Re: [PATCH 6/7] scsi: Use Scsi_Host as argument for eh_host_reset_handler

Hannes Reinecke <hare@xxxxxxx> · Fri, 27 Jun 2014 19:52:15 +0200

On 06/27/2014 04:41 PM, Steffen Maier wrote:
What base does this patch set apply to?
I failed with scsi:misc / scsi:fixes / vanilla.

On 06/27/2014 12:47 PM, Steffen Maier wrote:
On 06/27/2014 08:27 AM, Hannes Reinecke wrote:
Issuing a host reset should not rely on any commands.
So use Scsi_Host as argument for eh_host_reset_handler.

Signed-off-by: Hannes Reinecke <hare@xxxxxxx>
---

  drivers/s390/scsi/zfcp_scsi.c             |  3 +-

  69 files changed, 289 insertions(+), 379 deletions(-)

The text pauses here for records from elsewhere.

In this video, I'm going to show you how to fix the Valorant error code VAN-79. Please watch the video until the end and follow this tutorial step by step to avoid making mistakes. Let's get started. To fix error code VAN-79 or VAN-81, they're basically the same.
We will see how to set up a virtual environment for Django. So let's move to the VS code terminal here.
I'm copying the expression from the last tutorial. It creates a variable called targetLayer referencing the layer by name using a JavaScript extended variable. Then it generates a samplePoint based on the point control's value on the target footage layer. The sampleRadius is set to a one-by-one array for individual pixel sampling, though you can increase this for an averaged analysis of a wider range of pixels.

diff --git a/drivers/s390/scsi/zfcp_scsi.c
b/drivers/s390/scsi/zfcp_scsi.c
index dc42c93..fe50f69 100644
--- a/drivers/s390/scsi/zfcp_scsi.c
+++ b/drivers/s390/scsi/zfcp_scsi.c
@@ -281,13 +281,14 @@ static int
zfcp_scsi_eh_target_reset_handler(struct scsi_cmnd *scpnt)
      return zfcp_task_mgmt_function(scpnt, FCP_TMF_TGT_RESET);
  }

-static int zfcp_scsi_eh_host_reset_handler(struct scsi_cmnd *scpnt)
+static int zfcp_scsi_eh_host_reset_handler(struct Scsi_Host *host)
  {
      struct zfcp_scsi_dev *zfcp_sdev = sdev_to_zfcp(scpnt->device);

Scpnt argument no longer exists, so this line must likely go away to
compile.

      struct zfcp_adapter *adapter = zfcp_sdev->port->adapter;

This needs the assignment from the added line below since zfcp_sdev no
longer exists.
Alternatively, drop the assignment here, only have the auto variable
definition, and do the assignment below with the added line.

      struct fc_rport *rport = zfcp_sdev->port->rport;

Oh crap, this also no longer works now. And as a consequence we cannot
get a reasonable rport any more now to call fc_block_scsi_eh().

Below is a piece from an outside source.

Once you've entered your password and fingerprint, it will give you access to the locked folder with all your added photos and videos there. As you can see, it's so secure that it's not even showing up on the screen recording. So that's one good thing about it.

I think it's us as LLDD calling fc_remote_port_add() anyway as part of
adapter/port recovery, so we trigger the change to an unblocked rport.
So, now we "only" need to make sure to block long enough for all
fc_remote_port_add's to have happened?
Either that, or have some hook in queuecommand which will return any 
command with BUSY until the HBA reset is finished.

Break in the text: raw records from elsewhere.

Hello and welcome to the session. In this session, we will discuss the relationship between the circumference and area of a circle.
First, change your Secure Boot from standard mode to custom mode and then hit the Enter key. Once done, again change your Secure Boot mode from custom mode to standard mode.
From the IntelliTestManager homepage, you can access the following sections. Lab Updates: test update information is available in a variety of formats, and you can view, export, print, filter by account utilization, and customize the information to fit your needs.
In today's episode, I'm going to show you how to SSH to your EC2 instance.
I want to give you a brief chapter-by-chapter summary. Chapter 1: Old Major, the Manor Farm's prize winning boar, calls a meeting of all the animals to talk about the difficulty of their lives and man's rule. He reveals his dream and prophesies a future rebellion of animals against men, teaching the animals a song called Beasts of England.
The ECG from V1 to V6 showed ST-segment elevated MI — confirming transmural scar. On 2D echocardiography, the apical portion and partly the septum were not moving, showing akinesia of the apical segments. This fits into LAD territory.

zfcp_erp_wait() might not be sufficient which is probably why Christof
introduced fc_block_scsi_eh() in that commit Martin referred to.

Where's a design document which explains how to correctly use
scsi_transport_fc?

Typically the LLDD sets all ports to 'BLOCKED' if it's still doing 
discovery (ie during LIP for FC-AL) and then updates the port states
accordingly once discovery is finished via 
fc_remote_port_add()/fc_remote_port_delete().

      int ret;

If adapter recovery fails, e.g. because there is no local light on the
fibre, I would suppose that our recovery ended with a blocked Scsi_Host
(at the latest after zfcp_erp_wait()).
No. It's perfectly okay for host_reset to end up with no local light on 
the fibre; that is not a failure.
(Of course, the driver would have to call fc_remote_port_delete() here 
first).
Adapter recovery should only be considered 'failed' if for some reason 
the HBA itself doesn't react to the host reset procedure.

Is that sufficient or do we need to actually return the success of the
host reset from this handler function?

Not necessarily. If the communication with the HBA is always assumed to 
be working (and, judging from DASD details, this is a safe assumption)
host reset cannot really fail for zfcp.

If not, we drop the "ret" variable as well.
If yes, how is host reset success defined?
Is it success, e.g. if adapter recovery succeeded but there is no light
on the fibre?

As mentioned above: Yes, that's perfectly okay.
It still means that you can communicate with the HBA, otherwise you
wouldn't even know the current light status :-)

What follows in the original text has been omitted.